Angular-resolved fs Photoelectron Spectroscopy of Fullerenes: giant atoms or hot metal spheres?
by
Eleanor Campbell(The University of Edinburgh)
→
Europe/Stockholm
Oskar Klein Auditorium
Oskar Klein Auditorium
Description
In this talk an overview of fullerene photoionisation studies and their
relevance for understanding the ionisation dynamics and mechanisms of
large molecules will be given.
When ionising with fs lasers, fullerenes, and other conjugated
molecules, show well-resolved peak structure in their photoelectron
spectra that can be attributed to single photon ionisation of a large
range of excited states, populated within the same laser pulse, thus
providing a “fingerprint” of the molecule. For fullerenes, strong peaks
are observed that are attributed to the excitation of SAMO states
(super-atom molecular orbitals), these are very simple hydrogenic-type
orbitals that are centred on the fullerene core rather than on the
carbon atoms.
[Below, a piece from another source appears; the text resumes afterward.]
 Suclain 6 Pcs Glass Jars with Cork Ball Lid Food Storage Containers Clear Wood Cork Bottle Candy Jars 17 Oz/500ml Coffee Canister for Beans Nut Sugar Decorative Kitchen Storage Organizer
They are a consequence of the hollow nature of the
molecule. New studies that combine fs Rydberg fingerprint spectroscopy
with angular-resolved photoelectron spectra obtained using velocity map
imaging and time-dependent density functional theory are shedding new
light on these states and the reason for their prominence in the
photoelectron spectra. Angular-resolved photoelectron spectroscopy can
also provide information on the timescale of electron emission and
provide evidence for the occurrence of thermal electron emission,
responsible for a strong background signal in the photoelectron spectra.